Существенным ограничением урожайности сахарной свеклы является пагубное воздействие на нее насекомых-вредителей. Одной из перспективных стратегий обеспечения устойчивости растений выступает интеграция в растительный геном генов сry-белков Bacillus thuringiensis. Целью настоящей работы была генетическая трансформация сахарной свеклы линии ММ1/2 векторными конструкциями pRD400-cry1C и pRD400-cry2A, несущими гены cry1C и cry2A соответственно. В результате оптимизации протокола трансформации и прямой регенерации из листовых дисков с использованием 1 мг/л бензиламинопурина, а также 0,25 мг/л бензиламинопурина и 0,1 мг/л индолил-масляной кислоты получены трансгенные линии сахарной свеклы, несущие гены cry1C и cry2A. С помощью ПЦР-анализа подтверждена интеграция cry2A и cry1C в их геном, а с помощью метода ПЦР с обратной транс-крипцией установлено наличие экспрессии указанных генов в этих линиях.
Істотним обмеженням врожайності цукрових буряків є згубний вплив на цю культуру комах-шкідників. Однією з перспективних стратегій забезпечення стійкості рослин є інтеграція в рослинний геном генів сry-білків Bacillus thuringiensis. Метою даної роботи була генетична трансформація цукрового буряку лінії ММ1/2 векторними конструкціями pRD400-cry1C і pRD400-cry2A, що несуть гени cry1C та cry2A відповідно. У результаті оптимізації протоколу трансформації та прямої регенерації з листових дисків із використанням 1 мг/л бензиламінопурину, а також 0,25 мг/л бензиламінопурину та 0,1 мг/л ін-доліл-масляної кислоти отримано трансгенні лінії цукрового буряку, що несуть гени cry1C і cry2A. За допомогою ПЛР-аналізу підтверджено інтеграцію cry2A і cry1C в їхній геном, а за допомогою ПЛР зі зворотною транскрипцією встановлено наявність експресії даних генів в цих лініях.

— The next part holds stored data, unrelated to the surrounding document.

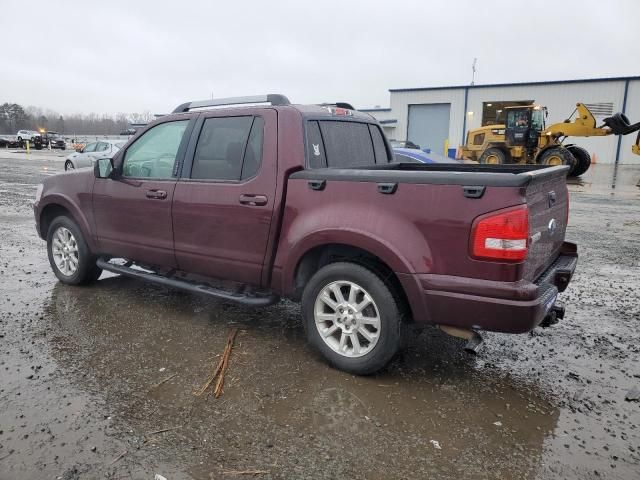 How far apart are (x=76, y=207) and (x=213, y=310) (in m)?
1.84

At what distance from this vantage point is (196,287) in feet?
14.2

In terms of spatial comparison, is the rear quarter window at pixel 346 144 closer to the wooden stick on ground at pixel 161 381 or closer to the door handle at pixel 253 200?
the door handle at pixel 253 200

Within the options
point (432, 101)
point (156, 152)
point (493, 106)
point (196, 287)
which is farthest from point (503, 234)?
point (432, 101)

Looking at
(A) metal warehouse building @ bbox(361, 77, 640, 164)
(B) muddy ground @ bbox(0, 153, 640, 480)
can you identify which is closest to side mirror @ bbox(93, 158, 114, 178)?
(B) muddy ground @ bbox(0, 153, 640, 480)

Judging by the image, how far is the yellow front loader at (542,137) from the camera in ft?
66.2

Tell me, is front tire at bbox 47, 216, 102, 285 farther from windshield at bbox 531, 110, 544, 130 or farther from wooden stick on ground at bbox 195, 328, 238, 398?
windshield at bbox 531, 110, 544, 130

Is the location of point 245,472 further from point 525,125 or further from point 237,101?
point 525,125

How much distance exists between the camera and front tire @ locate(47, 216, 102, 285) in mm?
5352

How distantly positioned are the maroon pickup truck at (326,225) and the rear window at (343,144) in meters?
0.01

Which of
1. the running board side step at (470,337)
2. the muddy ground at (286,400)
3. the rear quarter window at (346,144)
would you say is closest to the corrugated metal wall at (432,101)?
the muddy ground at (286,400)

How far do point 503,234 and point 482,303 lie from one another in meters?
0.43

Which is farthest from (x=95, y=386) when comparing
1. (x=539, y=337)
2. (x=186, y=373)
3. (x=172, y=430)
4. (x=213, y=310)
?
(x=539, y=337)

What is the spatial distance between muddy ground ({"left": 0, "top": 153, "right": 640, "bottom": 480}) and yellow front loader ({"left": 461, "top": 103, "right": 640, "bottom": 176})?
16827mm

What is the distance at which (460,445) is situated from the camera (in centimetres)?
282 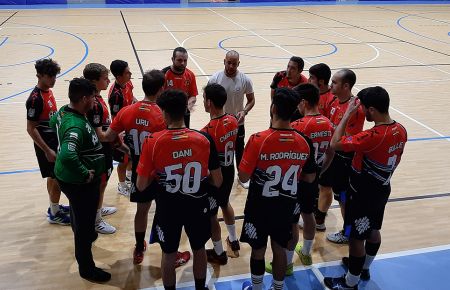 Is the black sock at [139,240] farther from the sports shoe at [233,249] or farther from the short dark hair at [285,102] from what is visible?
the short dark hair at [285,102]

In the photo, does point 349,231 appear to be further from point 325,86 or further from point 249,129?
point 249,129

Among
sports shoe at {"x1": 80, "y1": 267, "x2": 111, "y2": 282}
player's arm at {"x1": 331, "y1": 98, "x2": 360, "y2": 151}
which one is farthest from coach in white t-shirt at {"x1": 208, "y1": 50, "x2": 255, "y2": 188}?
sports shoe at {"x1": 80, "y1": 267, "x2": 111, "y2": 282}

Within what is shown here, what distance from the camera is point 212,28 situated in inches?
719

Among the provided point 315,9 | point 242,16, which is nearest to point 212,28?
point 242,16

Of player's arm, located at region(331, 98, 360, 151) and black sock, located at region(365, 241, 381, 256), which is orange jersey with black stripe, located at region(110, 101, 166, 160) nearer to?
player's arm, located at region(331, 98, 360, 151)

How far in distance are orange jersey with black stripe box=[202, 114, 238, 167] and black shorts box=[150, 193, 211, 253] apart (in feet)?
2.32

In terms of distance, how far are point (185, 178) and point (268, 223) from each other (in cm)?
81

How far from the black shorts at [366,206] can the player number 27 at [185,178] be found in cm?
152

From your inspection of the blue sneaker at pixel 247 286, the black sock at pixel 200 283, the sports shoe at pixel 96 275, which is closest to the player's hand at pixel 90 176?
the sports shoe at pixel 96 275

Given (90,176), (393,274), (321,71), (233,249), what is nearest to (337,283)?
(393,274)

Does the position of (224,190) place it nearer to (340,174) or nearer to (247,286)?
(247,286)

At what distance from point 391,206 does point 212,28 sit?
14.2 meters

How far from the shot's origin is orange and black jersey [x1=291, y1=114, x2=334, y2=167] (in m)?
3.98

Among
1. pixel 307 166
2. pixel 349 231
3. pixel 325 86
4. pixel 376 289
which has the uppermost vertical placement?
pixel 325 86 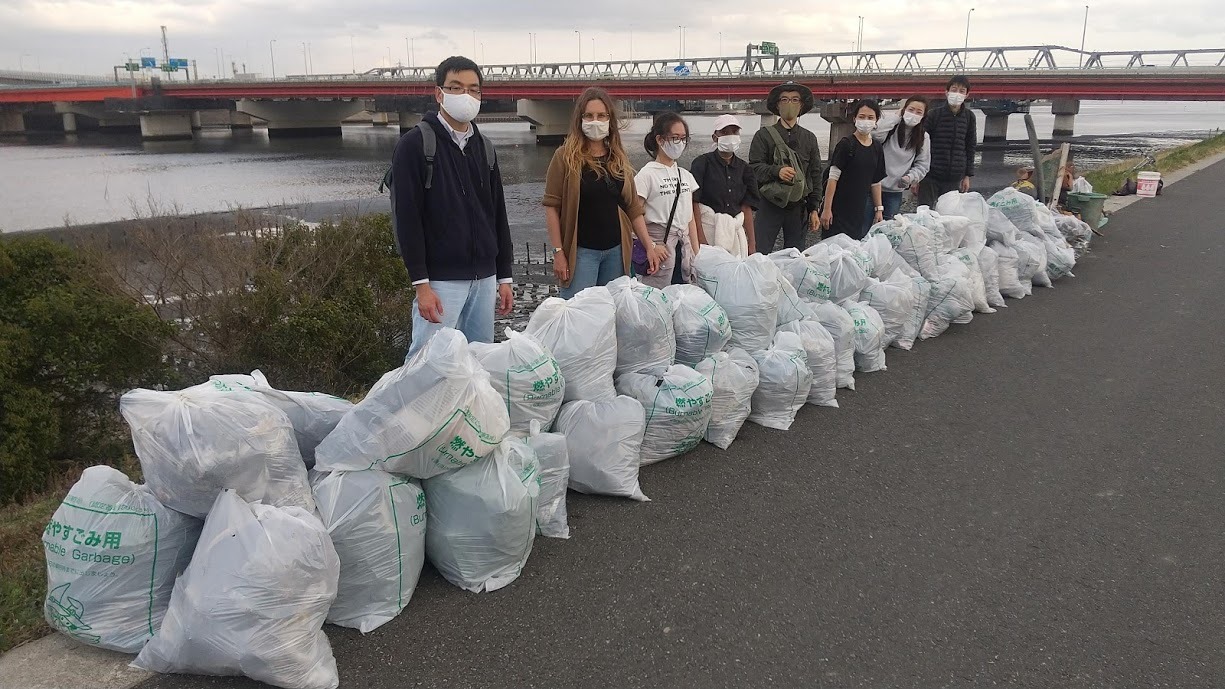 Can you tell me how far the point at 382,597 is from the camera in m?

The impact of insect pests significantly limits sugar beet crop yields. The integration of cry-genes of Bacillus thuringiensis into the plant genome is a promising strategy to ensure plant resistance. The aim of this work was to obtain sugar beet lines (based on the MM1/2 line) transformed with cry2A and cry1C genes. We have optimized the transformation protocol and direct plantlet regeneration protocol from leaf explants using 1 mg/L benzylaminopurine as well as 0.25 mg/L benzylaminopurine and 0.1 mg/L indole-butyric acid. Consequently, transgenic sugar beet lines transformed with vector constructs pRD400-cry1C and pRD400-cry2A have been obtained. PCR analysis revealed integration of cry2A and cry1C into the genome of transgenic lines and expression of these genes in leaf tissues was shown by reverse transcription PCR.